The traditional form of 买 is 買，and the traditional form of 卖 is 賣，pls be careful with these two characters, because they are a bit easy to be confused.


----------



## maghanish2

Thanks for the replies!  In these two examples:

你别買那本書你不要買那本書

Is it possible to leave out the 你 and still have the sentence make sense?  Also, for the second one, how do you know when it means "you don't buy" or a suggestion "don't buy"?

謝謝!


----------



## enchinya

maghanish2 said:


> Thanks for the replies!  In these two examples:
> Is it possible to leave out the 你 and still have the sentence make sense?  Also, for the second one, how do you know when it means "you don't buy" or a suggestion "don't buy"?
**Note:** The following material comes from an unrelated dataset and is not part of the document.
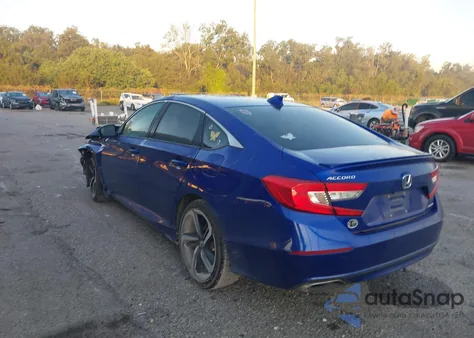 2019 Honda Accord Sport z USA, uszkodzony, nr VIN 1HGCV1F37KA044534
If you are in a conversation, of course you can leave out the 你 to say 不要/别買那本書 to simply mean "Don't buy that book". I think when you say it to someone you are addressing to, it's always a suggestion. 

If you want to say "you don't buy that book", just simply say 你不買那本書, which doesn't bear the meaning of suggestion.


----------



## Polak2008

I have often
请勿
in sentences like "please do not"
请勿踩草
or something like that.


----------



## Boileau419

*甭买这本书 is also used quite a lot in Peking *

*beng (second tone) means "no need to" don't bother to"*


----------



## Aoyama

> *甭买这本书 is also used quite a lot in Peking *


对了。
In fact, to make things simple (one should), there are basically TWO options :
-你别买这/那本书 这＝this,那=that (book)
-phrase above proposed by Boileau
(你）不要买 ... would be more like : you should not buy ...


----------



## BODYholic

Boileau419 said:


> *甭买这本书 is also used quite a lot in Peking *
> 
> *beng (second tone) means "no need to" don't bother to"*



Just a few points to note on the word "*甭*"
- It is a strong word.
- It has a slight negative connotation.
- We rarely say "*甭**买*". It is more commonly use in "(更)*甭*提", "(更)*甭*说" & etc.
- This word is hardly use in Singapore.


----------



## Aoyama

甭 is originally a contraction of 不用 (bu yong), literally meaning "it's no use/not useful, you don't have to, no need to", so , saying 甭买这本书 would mean : "you don't have to/you should not buy this book (it would be of no use/unecessary).


----------